PROBLEM TO WORK ON> Reproduce the listing below exactly, except for its pictures.
GIVEN MATERIAL START
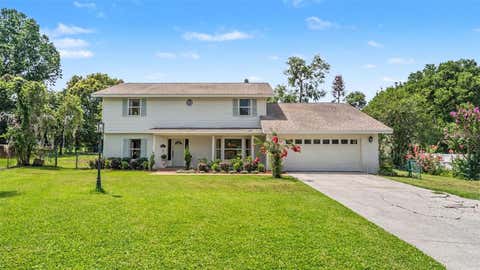5 beds bed, 3 baths bath property at 1631 Lakewood Drive S, Lakeland, FL 33813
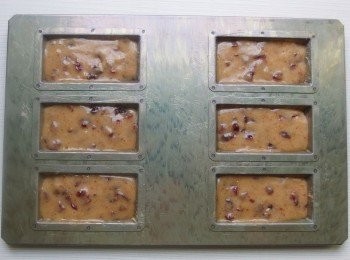 step11: 使用擠花袋填入麵糊至8分滿。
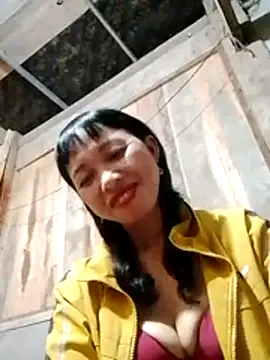 TRIEUTRIEU20's cam snapshot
GIVEN MATERIAL END
WRITTEN RESPONSE>
5 beds bed, 3 baths bath property at 1631 Lakewood Drive S, Lakeland, FL 33813
 step11: 使用擠花袋填入麵糊至8分滿。
 TRIEUTRIEU20's cam snapshot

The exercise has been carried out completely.